Since You've Been Gone

Since You've Been GoneSince You've Been Gone by Mary Jennifer Payne
My rating: 2 of 5 stars

Overall, the scent this book gave off was how forced it was.

Thanks anyway, Netgalley and Dundurn, for this free book to review!
Is it possible to outrun your past? Fifteen-year-old Edie Fraser and her mother, Sydney, have been trying to do just that for five years. Now, things have gone from bad to worse. Not only has Edie had to move to another new school she's in a different country. 
Sydney promises her that this is their chance at a fresh start, and Edie does her best to adjust to life in London, England, despite being targeted by the school bully. But when Sydney goes out to work the night shift and doesn't come home, Edie is terrified that the past has finally caught up with them. 
Alone in a strange country, Edie is afraid to call the police for fear that she ll be sent back to her abusive father. Determined to find her mother, but with no idea where to start, she must now face the most difficult decision of her life.
Seriously. Edie finally went to the police, but only because a child randomly fell into a river and her friend saved him, and someone had called 999. I think that's what bugged me the most about Edie: she could have called the police at any point in her life, yet continually refuses to do so.

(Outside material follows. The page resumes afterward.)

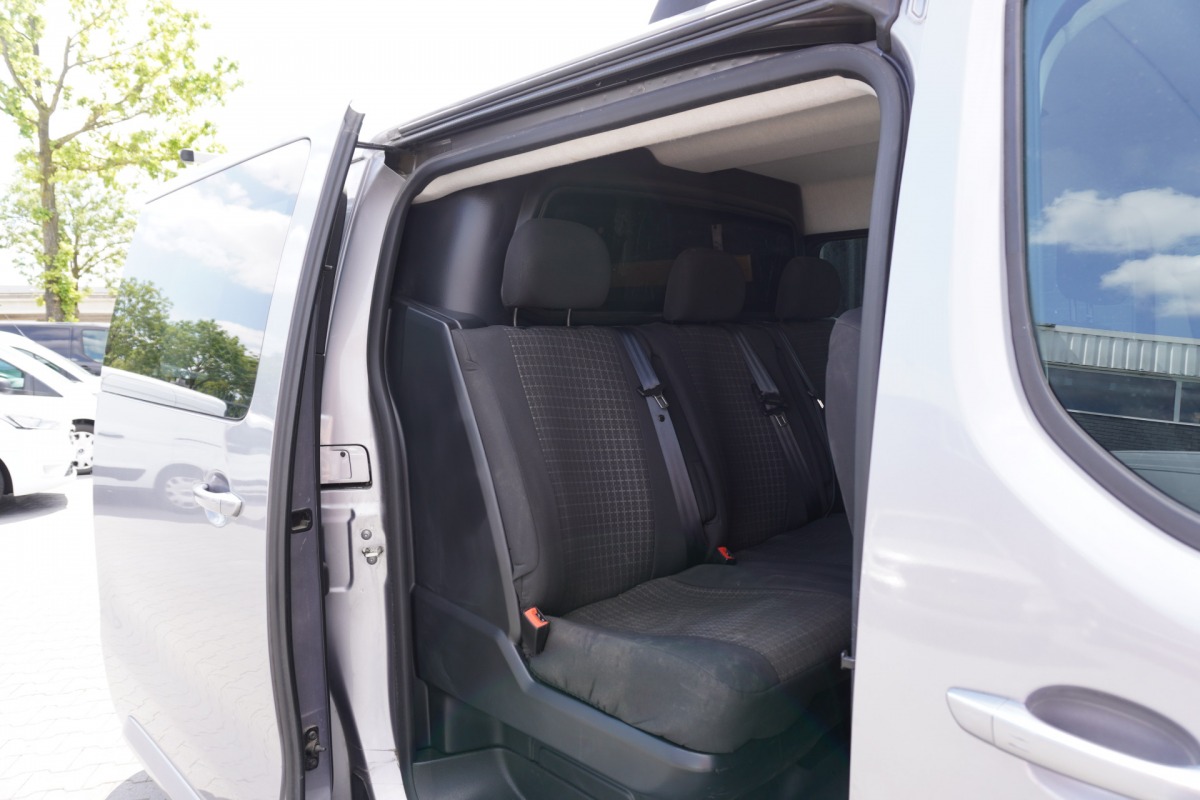 Peugeot Expert 2.0 BlueHDI 180PK Dubbel Cabine Automaat EURO 6 - Airco - Navi - Cruise - €17.900,- Excl.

In hindsight, Edie shouldn't really have idolized her mother at all. Her mom could have gotten help at any time, but no, she decides to live on the run instead. Grant it, I haven't been through what she did, so maybe I just don't get it...but still. She passed her dislike of police onto Edie, who sincerely thought that if she sought help, she would be sent back to her dad. Um, hello? I don't know the British justice system, but that sure wouldn't happen in America.
In Edie's defense, her dad had been a police officer, and that probably contributed to why she never sought help, even though they've lived in plenty of cities and countries that were plenty far away from him (also, how did he keep getting time off work to stalk them?).

Edie herself was okay, but she never even considers how other people feels until the last chapter. When a five year old nearly hits her with her bike, she doesn't think Watch where you're going, she thinks I want to wring his neck. I get it, when people have suffered domestic violence, they're often rough on the edges. I didn't get the sense that Edie felt broken or lost on the inside though. She just felt mean.
slapping animated GIF
There was one aspect of this book that wasn't forced: the British slang. I loved it, even though most of it went over my America head. Also, I adored how quickly the plot moved. It kept me glued.

So, maybe I just didn't like this book because I couldn't relate to the abuse and everyone's decision to leave the police out of it. Maybe it's just me, but I didn't get much of an emotional punch from this.

View all my reviews

So, I don't remember anything AT ALL since I'm grading this about a month after I read and reviewed this book, but I do remember Edie and her boyfriend Jermaine talking about sex, but not having it, because his mom was home and stuff. I don't think there was language, and violence-wise, it's an A or a B.